Corte di Cassazione penale, sentenza n. 12802 dell’8 aprile 2026

Con la pronuncia n. 12802 dell’8 aprile 2026, la Corte di Cassazione si è pronunciata sul tema della valutazione, in termini di prevalenza, del pagamento del debito tributario, in corso di estinzione mediante rateizzazione, ai fini della particolare tenuità del fatto ai sensi dell’art. 131-bis c.p. Nel caso di specie, l’imputato, giudicato colpevole del delitto di dichiarazione fraudolenta mediante altri artifici di cui all’art. 3 del D.Lgs. n. 74/2000, ricorre per Cassazione lamentando la violazione dell’art. 131-bis c.p. per aver la Corte d’appello negato la causa di esclusione della punibilità in ragione soltanto dell’entità della somma evasa e della gravità del fatto, senza dunque considerare, in particolare, la condotta successiva al reato in quanto era in corso la rateizzazione del debito tributario.

Ed infatti, l’art. 13 co. 3-ter del D.Lgs. n. 74/2000, introdotto dal D.Lgs. n. 87/2024, precedentemente alla sentenza impugnata, individua, tra gli elementi da valutare per l’eventuale applicazione della non punibilità per particolare tenuità del fatto di cui all’art. 131-bis c.p., proprio l’adempimento integrale o mediante rateizzazione degli obblighi tributari, anche se successivo al reato.

La Suprema Corte ricorda che la ratio dell’introduzione della norma è stata proprio quella di attribuire specifico rilievo alle definizioni raggiunte in sede amministrativa e giudiziaria ai fini della valutazione della rilevanza penale del fatto. Il D.Lgs. n. 87/2024 ha pertanto stabilito che gli autori dei reati previsti dal D.Lgs. n. 74/2000 possano beneficiare della causa di esclusione della punibilità per particolare tenuità del fatto non solo in ragione degli ordinari criteri indicati nell’art. 131-bis c.p. (tra i quali, per quel che qui rileva, la condotta susseguente al reato), ma anche di ulteriori indici (quale, appunto, l’estinzione del debito tributario mediante rateizzazione), peraltro da valutare "in modo prevalente", ossia assegnando loro una più specifica portata dimostrativa, proprio in ragione della natura degli illeciti interessati e del bene giuridico tutelato dalle relative disposizioni.

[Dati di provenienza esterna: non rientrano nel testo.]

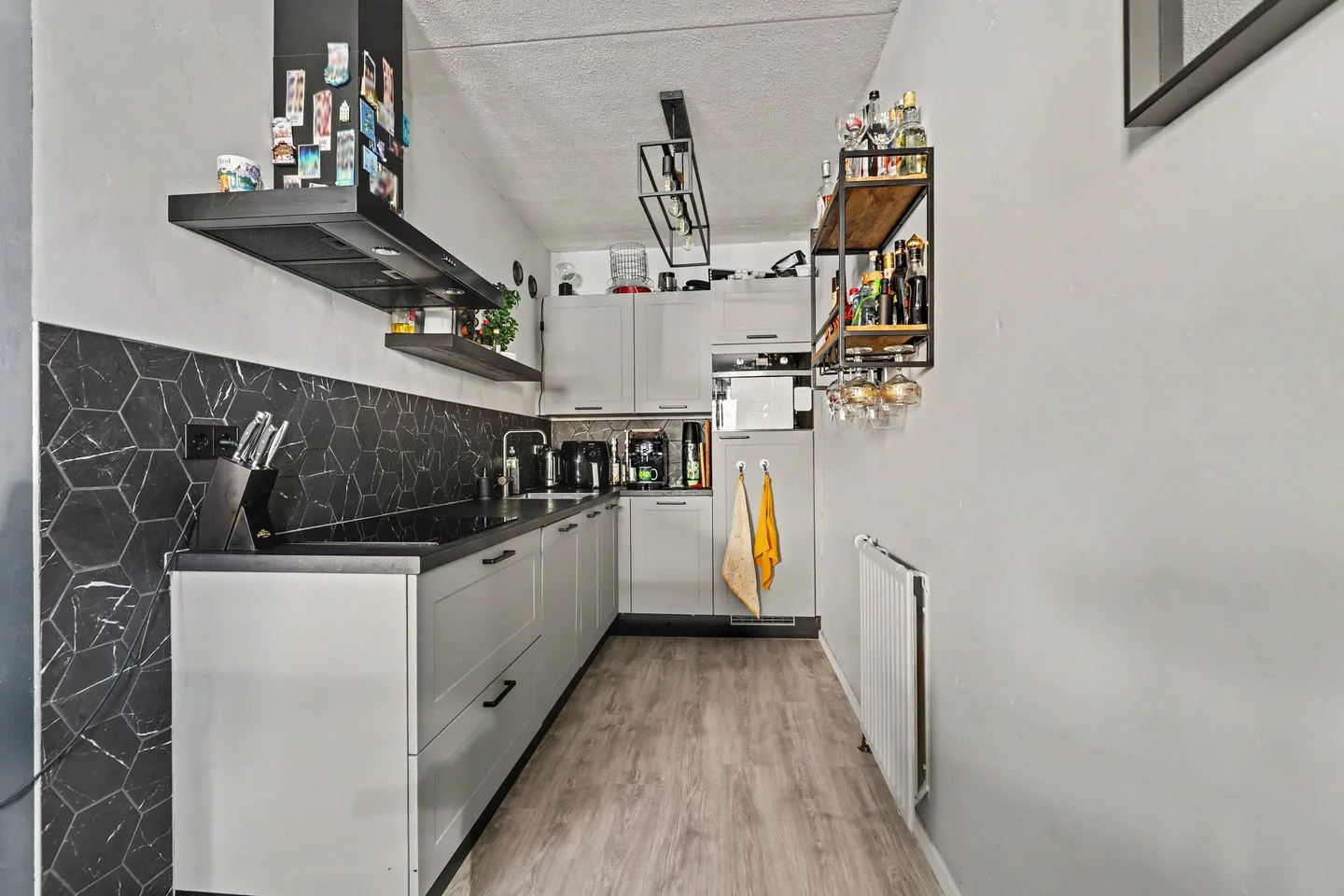 Van Dishoeckstraat 2 Vlissingen thumbnail 7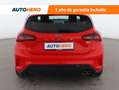 Ford Focus 1.0 EcoBoost Mild-Hybrid ST-Line Rojo - thumbnail 5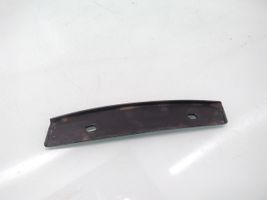 Nissan Murano Z50 Rivestimento parafango (modanatura) 63839CA000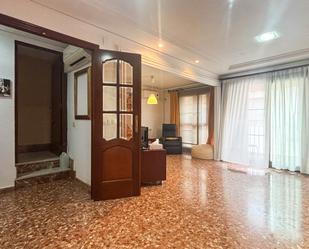 Casa adosada en venda en Puçol amb Aire condicionat, Calefacció i Terrassa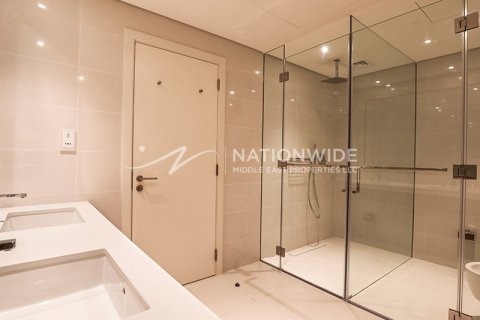 Apartment de 3 dormitorios  No. 124566 13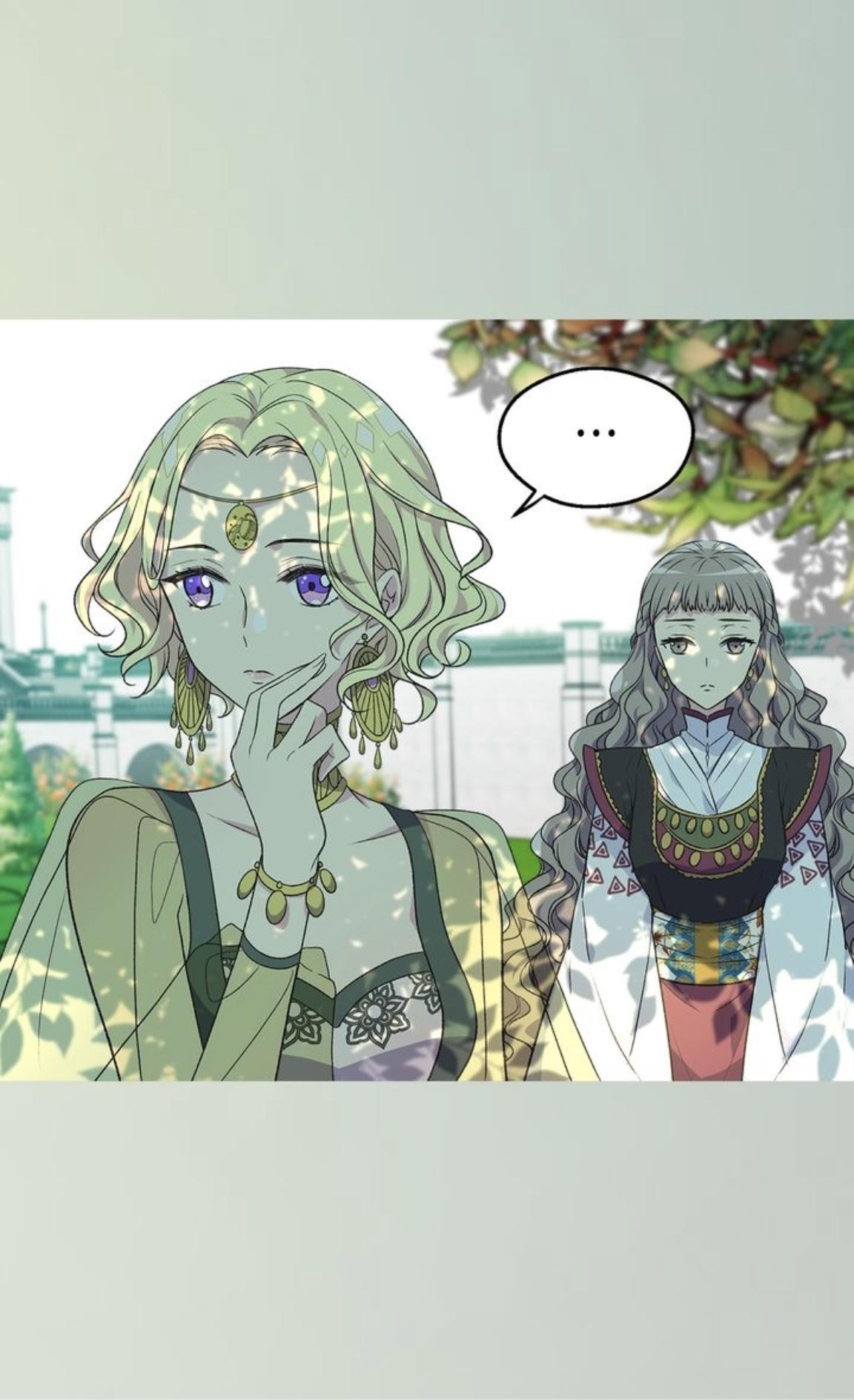 Page 5 of Chapter 91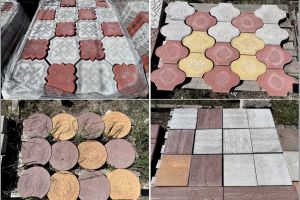 Продам офисное помещение с общей площадью 1343.4м2, на улице Богданова, г. Севастополь, Крым авт. респ., Россия, агентство Центр продаж НОВОСТРОЙКИ Продам офисное помещение с общей площадью 1343.4м2, на улице Богданова, г. Севастополь, Крым авт. респ., Россия, агентство Центр продаж НОВОСТРОЙКИ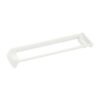 FISHER & PAYKEL SINGLE BOTTLE HOLDER ASSEMBLY - 860593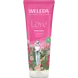 WELEDA Aroma Shower Love Douchegel 200 ML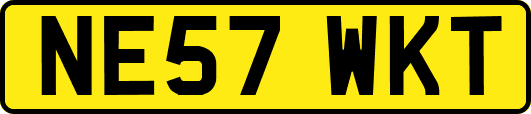 NE57WKT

Da ciò deriva che, in presenza di una progressiva estinzione del debito tributario mediante rateizzazione il giudice può valutare in termini di prevalenza la differenza tra l’entità del debito tributario iniziale e quella dei pagamenti effettuati, con la conseguenza che, qualora i pagamenti effettuati coprano una percentuale assai elevata del debito tributario, il comportamento dell’imputato successivo alla commissione del reato può essere ritenuto indice particolarmente pregnante della speciale tenuità del fatto.


Per tali motivazioni, la Corte ha annullato con rinvio la sentenza impugnata per aver negato la causa di esclusione della punibilità per particolare tenuità del fatto in ragione soltanto del valore del bene, ossia l’evasione di una somma estremamente elevata, e dunque della complessiva gravità dell’azione.